HTTP (primary surface)
curl https://api.amanoki.com/v1/markets
curl https://api.amanoki.com/v1/status
curl https://api.amanoki.com/v1/power/jepx/tokyo
curl "https://api.amanoki.com/v1/power/jepx/tokyo/regime-forecast?horizon_min=120"
curl https://api.amanoki.com/v1/power/jepx/tokyo/spike-probability
curl "https://api.amanoki.com/v1/power/jepx/tokyo/transitions?limit=10"
curl "https://api.amanoki.com/v1/power/jepx/tokyo/spatial-influence?target_regime=high"
Python SDK
The amanoki package wraps the HTTP surface and
returns typed dataclasses.
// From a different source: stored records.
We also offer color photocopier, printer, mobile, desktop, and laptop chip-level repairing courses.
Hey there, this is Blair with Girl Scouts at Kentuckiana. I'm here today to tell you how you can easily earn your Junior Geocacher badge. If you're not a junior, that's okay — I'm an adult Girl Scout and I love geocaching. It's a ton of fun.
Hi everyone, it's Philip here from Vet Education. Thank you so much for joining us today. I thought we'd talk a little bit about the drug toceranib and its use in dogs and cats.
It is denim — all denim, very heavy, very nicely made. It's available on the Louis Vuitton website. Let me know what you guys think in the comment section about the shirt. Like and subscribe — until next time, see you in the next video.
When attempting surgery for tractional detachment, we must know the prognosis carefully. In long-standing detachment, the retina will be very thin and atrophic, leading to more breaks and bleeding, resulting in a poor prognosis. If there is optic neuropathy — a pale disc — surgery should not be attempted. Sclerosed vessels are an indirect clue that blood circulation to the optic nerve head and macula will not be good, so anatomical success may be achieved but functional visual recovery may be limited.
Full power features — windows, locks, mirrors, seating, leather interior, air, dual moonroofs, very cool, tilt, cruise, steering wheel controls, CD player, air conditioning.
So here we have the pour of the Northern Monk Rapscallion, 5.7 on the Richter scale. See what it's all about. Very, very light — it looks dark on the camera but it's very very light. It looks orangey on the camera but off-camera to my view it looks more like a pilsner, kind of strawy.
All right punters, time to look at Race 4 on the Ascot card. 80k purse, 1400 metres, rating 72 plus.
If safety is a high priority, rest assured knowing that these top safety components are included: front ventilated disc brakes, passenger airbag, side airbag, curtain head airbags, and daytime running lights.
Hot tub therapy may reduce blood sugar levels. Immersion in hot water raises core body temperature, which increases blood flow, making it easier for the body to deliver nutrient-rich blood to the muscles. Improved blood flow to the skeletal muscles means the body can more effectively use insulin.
Raw HTTP callers see the same JSON
content, accessed by dict key rather than attribute.
pip install amanoki
from amanoki import Client
c = Client()
# SDK style (typed dataclass)
r = c.get_regime("jepx", "tokyo")
print(r.regime, r.price, r.price_unit, r.z_vol)
# Equivalent raw-HTTP shape (dict access)
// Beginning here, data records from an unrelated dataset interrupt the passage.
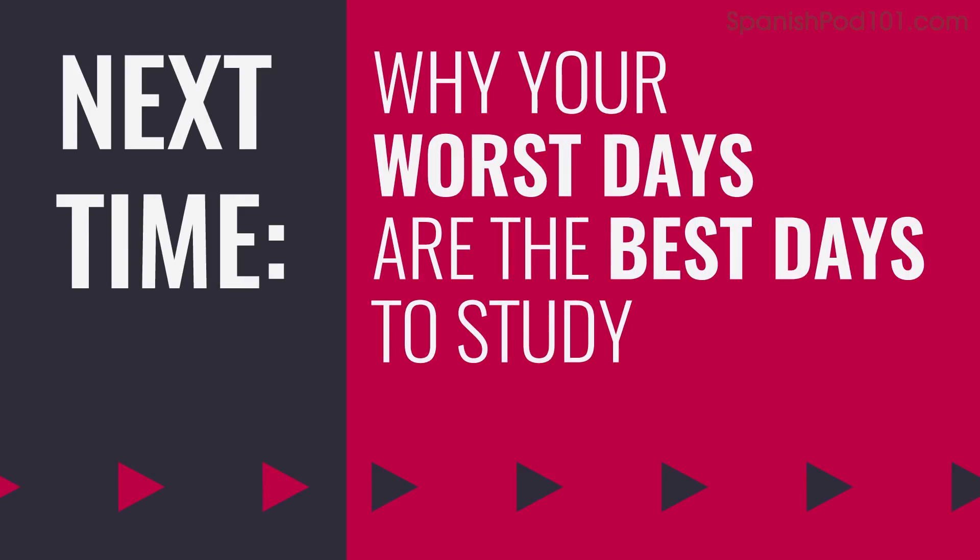Thank you for watching this episode of Monthly Review. Next time, we'll talk about why your worst days are the best days to study. In the meantime, submit your recording if you're brave. Like and share this video and leave a comment to tell us what language learning tactics you'd like us to talk about. See you next time. Bye!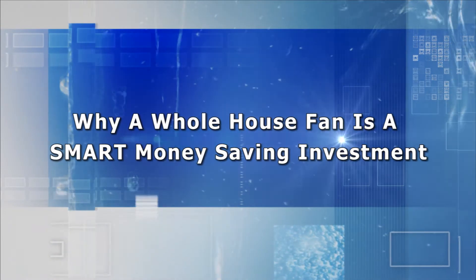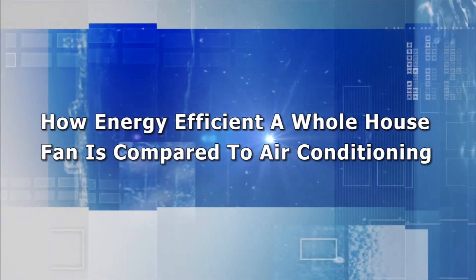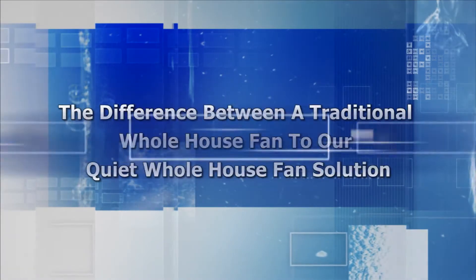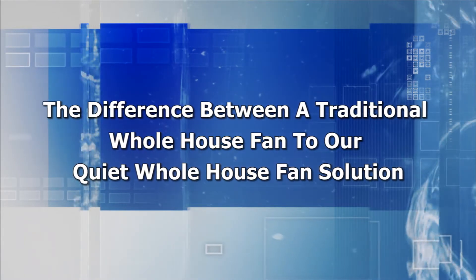On the web page right below this video you'll learn why a whole house fan is a smart money-saving investment, how energy efficient a whole house fan is compared to air conditioning, and the difference between a traditional whole house fan and our quiet whole house fan solution.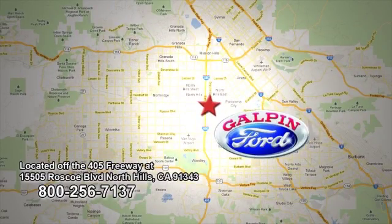Call, click, or visit Galpin Ford today. We are conveniently located off the 405 freeway at the Roscoe Boulevard exit.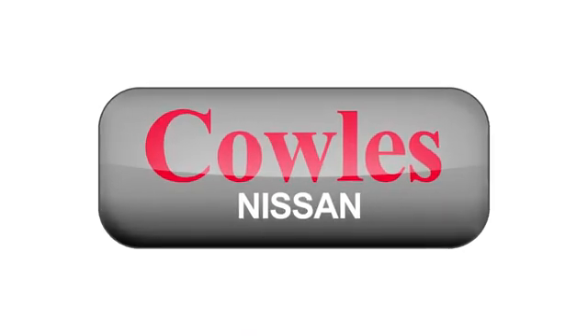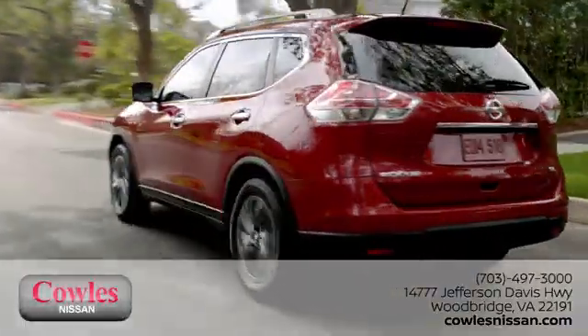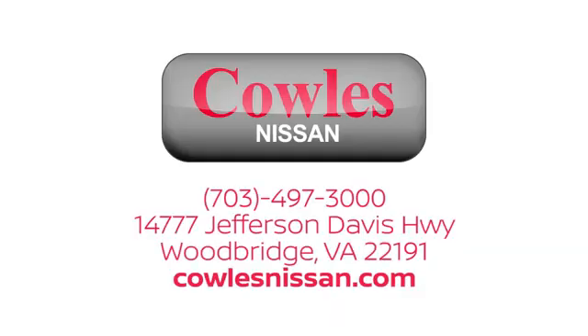You're not just a number at Kohl's Nissan, you're a family member. We work hard to make owning a new vehicle easy, fun, and affordable. We're conveniently located at 14777 Jefferson Davis Highway in Woodbridge.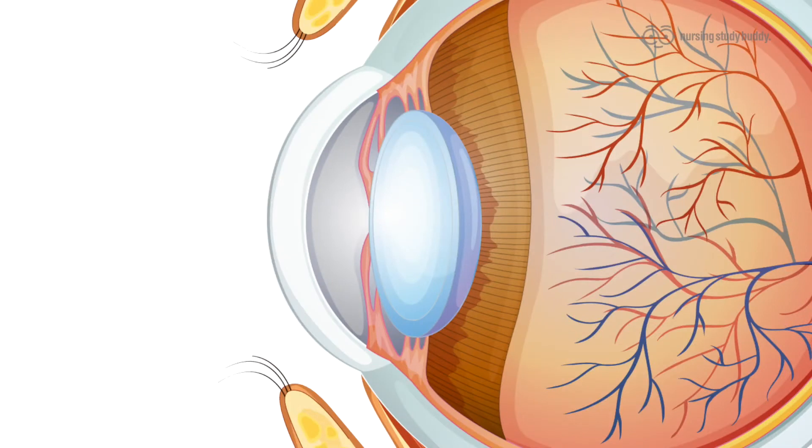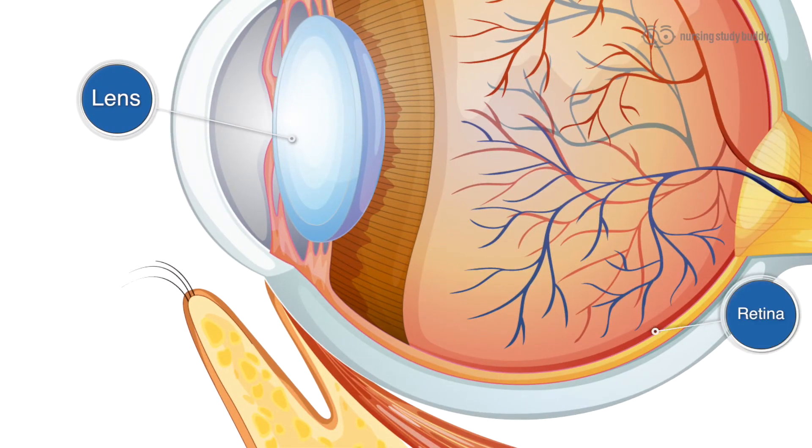Deeper into the eye we go, getting into the central portion. We'll begin with the posterior chamber. It's much like the anterior chamber, but it's located behind the iris. There is next a large, nearly spherical object called the lens that focuses light directly at the retina in order to help it process.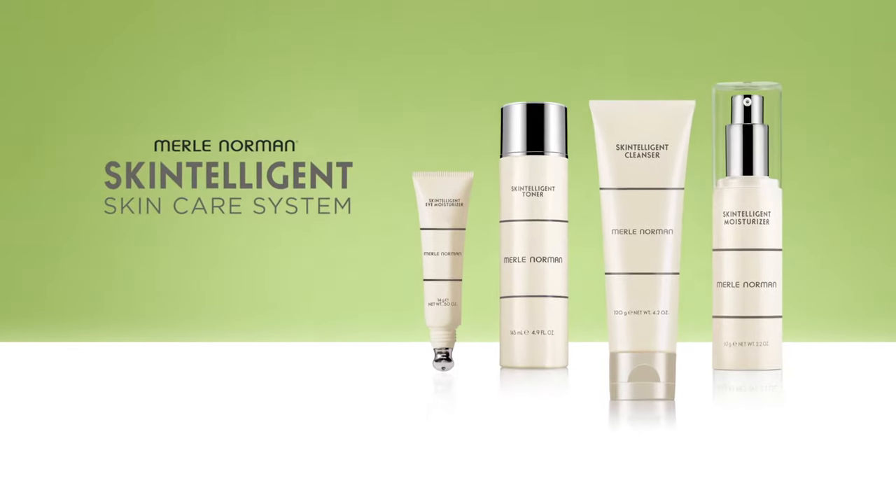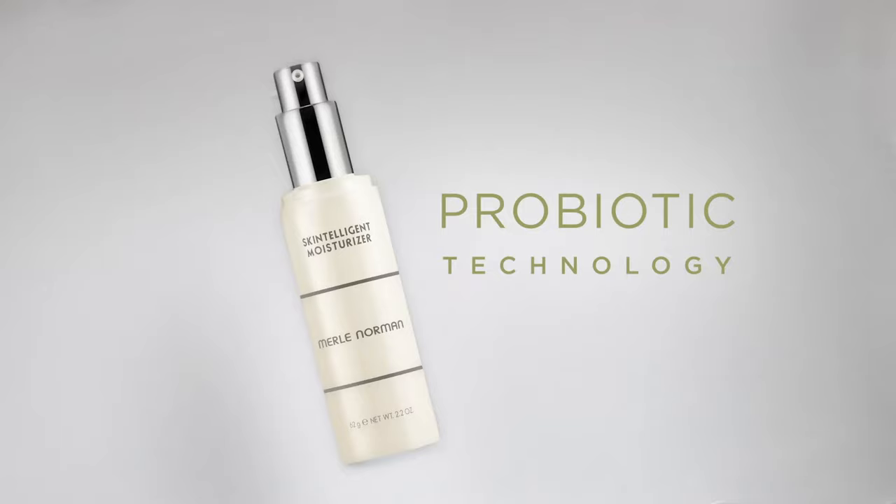Merle Norman Skintelligent is a skin balancing system enriched with probiotic technology. Use Skintelligent Cleanser to exfoliate and improve system performance.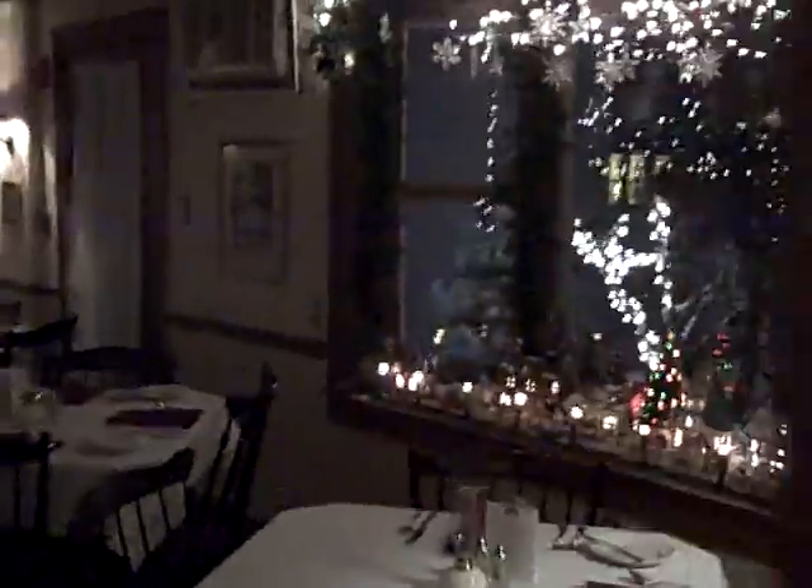We'll go back into the main dining room and they once again have their village set up, with some nice lights and greenery above the village. The village is very popular every year.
# r = requests.get("https://api.amanoki.com/v1/power/jepx/tokyo").json()
# print(r["regime"], r["price"], r["price_unit"], r["z_vol"])
s = c.spike_probability("jepx", "tokyo")
for cell in s.cells:
print(cell.threshold, cell.horizon_min, cell.p, cell.base_rate)
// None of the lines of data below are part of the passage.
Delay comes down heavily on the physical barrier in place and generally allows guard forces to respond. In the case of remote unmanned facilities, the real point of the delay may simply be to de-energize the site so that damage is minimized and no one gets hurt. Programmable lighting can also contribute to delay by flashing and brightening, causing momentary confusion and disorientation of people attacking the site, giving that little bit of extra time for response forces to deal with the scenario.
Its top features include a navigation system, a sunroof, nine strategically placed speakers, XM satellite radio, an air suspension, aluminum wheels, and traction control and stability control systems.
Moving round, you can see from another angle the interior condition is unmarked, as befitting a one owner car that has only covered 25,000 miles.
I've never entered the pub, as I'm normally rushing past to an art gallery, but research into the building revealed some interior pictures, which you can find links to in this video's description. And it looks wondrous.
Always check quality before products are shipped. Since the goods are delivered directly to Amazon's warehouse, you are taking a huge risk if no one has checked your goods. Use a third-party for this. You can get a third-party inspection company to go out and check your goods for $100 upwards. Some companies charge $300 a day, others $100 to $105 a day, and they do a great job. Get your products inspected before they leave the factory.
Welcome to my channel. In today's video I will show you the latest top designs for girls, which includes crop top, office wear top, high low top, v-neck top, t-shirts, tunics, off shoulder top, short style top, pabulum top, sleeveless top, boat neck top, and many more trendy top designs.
f = c.regime_forecast("jepx", "tokyo", horizon_min=120)
print(f["method"], f["probabilities"], f.get("test_brier"))
ts = c.transitions("jepx", "tokyo", limit=10)
for t in ts:
print(t.ts_ms, t.from_regime, "->", t.to_regime, "@", t.price)
Async flavour via amanoki.AsyncClient. Full reference at
/v1/reference.
Response shape (regime-forecast)
{
"market": "jepx",
"area": "tokyo",
"horizon_min": 120,
"asof_ms": 1776695400000,
"method": "weather_conditioned_mlr_v1_5",
"sample_size_bars": 284112,
"probabilities": {
"low": 0.006, "normal": 0.994, "high": 0.0, "scarcity": 0.0
},
"base_rates": {
"low": 0.075, "normal": 0.718, "high": 0.207, "scarcity": 0.0
},
"test_brier": 0.0321,
"baseline_test_brier": 0.4319,
"weather_fetched_ms": 1776604192971
}
probabilities is the model's prediction at
t + horizon_min; base_rates is the
unconditional class frequencies from training (context for the
model's confidence). test_brier vs
baseline_test_brier on the held-out set is the
transparent calibration metric — quote both when making decisions.
Response shape (spike-probability)
{
"market": "jepx",
"area": "tokyo",
"hour_of_day_local": 23,
"is_weekend": false,
"bucket_size": 1072,
"method": "empirical_by_hour_and_weekend",
"sample_size_bars": 36000,
"cells": [
{"threshold": 30.0, "horizon_min": 120, "p": 0.0036, "base_rate": 0.014},
{"threshold": 80.0, "horizon_min": 240, "p": 0.0, "base_rate": 0.0002}
]
}
p is the empirical probability that the maximum price
over the next horizon_min minutes crosses
threshold, conditioned on the current hour-of-day
and weekend flag. bucket_size is how many historical
bars fed into that conditional estimate — cells with small
buckets (< 100) are noisy and should be discounted.
Error handling
from amanoki import Client, NotFoundError, RateLimitError
try:
c.get_regime("jepx", "okinawa") # area not tracked
except NotFoundError:
...
except RateLimitError as e:
time.sleep(e.retry_after or 30)
All error responses ship as application/problem+json
(RFC 7807) with {type, title, status, detail, instance}.
The type URI points at the relevant section of the
methodology so you can read past the symptom to the cause.